The size factors are smaller but there is still an 80 fold difference.
This also changed the dispersion plot considerably. I also tried calculating the size factors using the iterate function. This failed and did not converge.
So I'm unsure about how to proceed with this, do you think that the analysis is unusable given the variability in size factors using the median ratio approach? The significant bugs are mostly concordant with what I find from wilcoxon tests so I'm inclined to believe them.

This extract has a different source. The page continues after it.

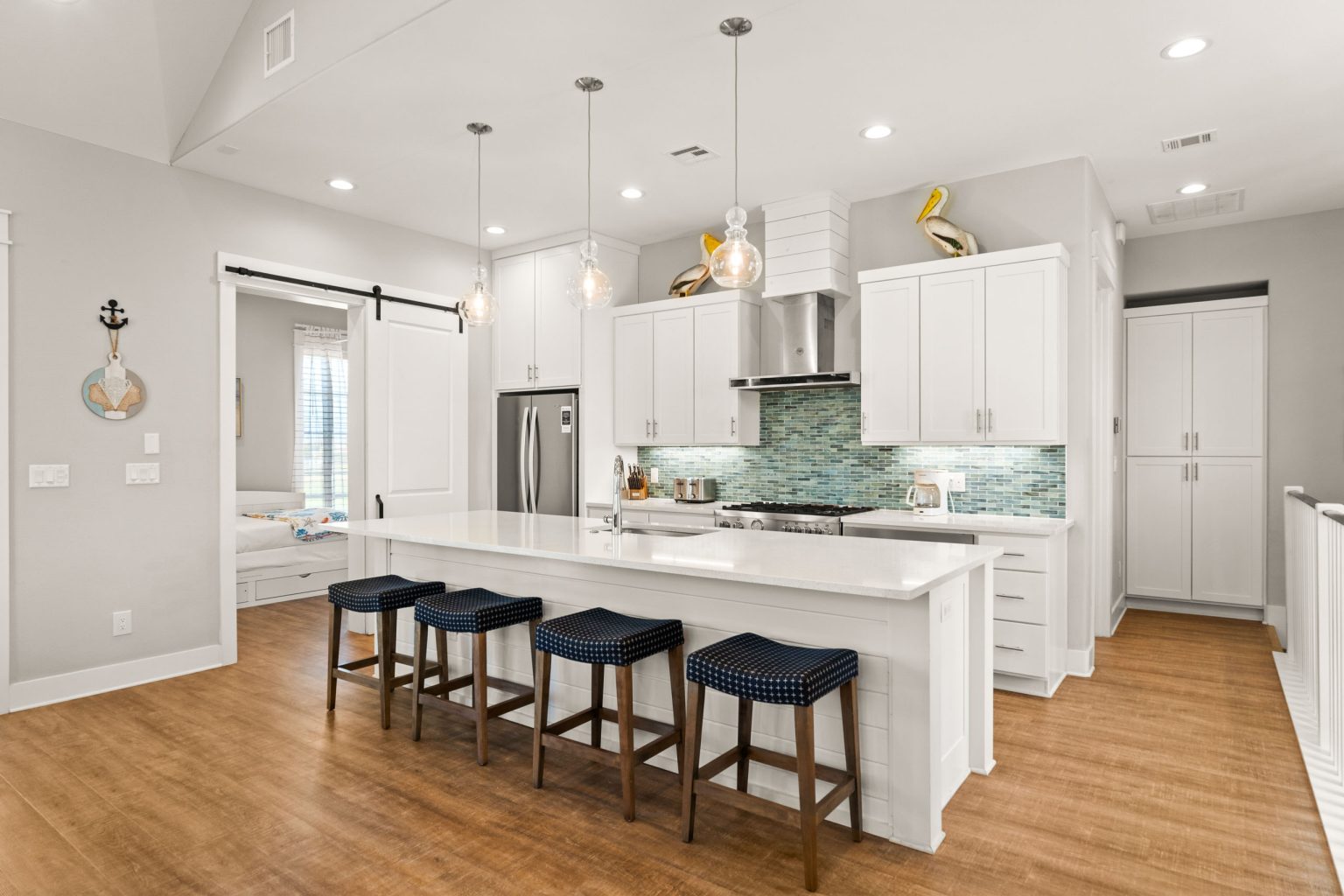 Kitchen with white cabinets, blue barstools and a large island at 200 Sunset Avenue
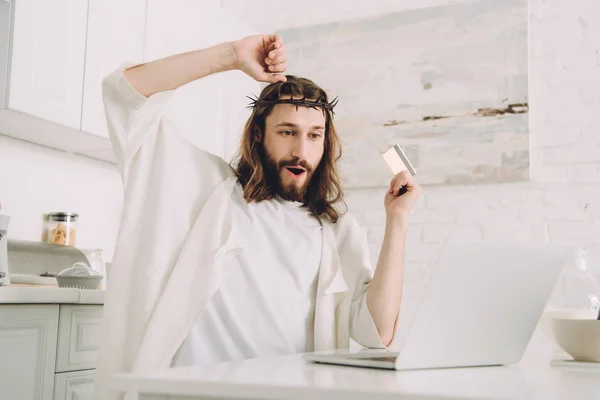 excited Jesus with credit card gesturing by hands and doing online shopping at table with laptop in kitchen at home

Both find around 50 significant bugs with an intersection of 30 at an fdr < 0.05 with no covariates in the design. Also, I am filtering the very rare species before running DESeq2, is it more appropriate to calculate the size factors on the entire dataset and then fit the model on the filtered data?
I really can't say what's appropriate for metagenomic data analysis.
I don't know if the estimated size factors are reasonable or not. Just because the range is different than the range of the total counts doesn't mean it's wrong. I just don't know what's the appropriate way to assess size factors for a given metagenomics dataset.
The dispersion plot looks totally fine, basically there is no shrinkage when you have so many degrees of freedom.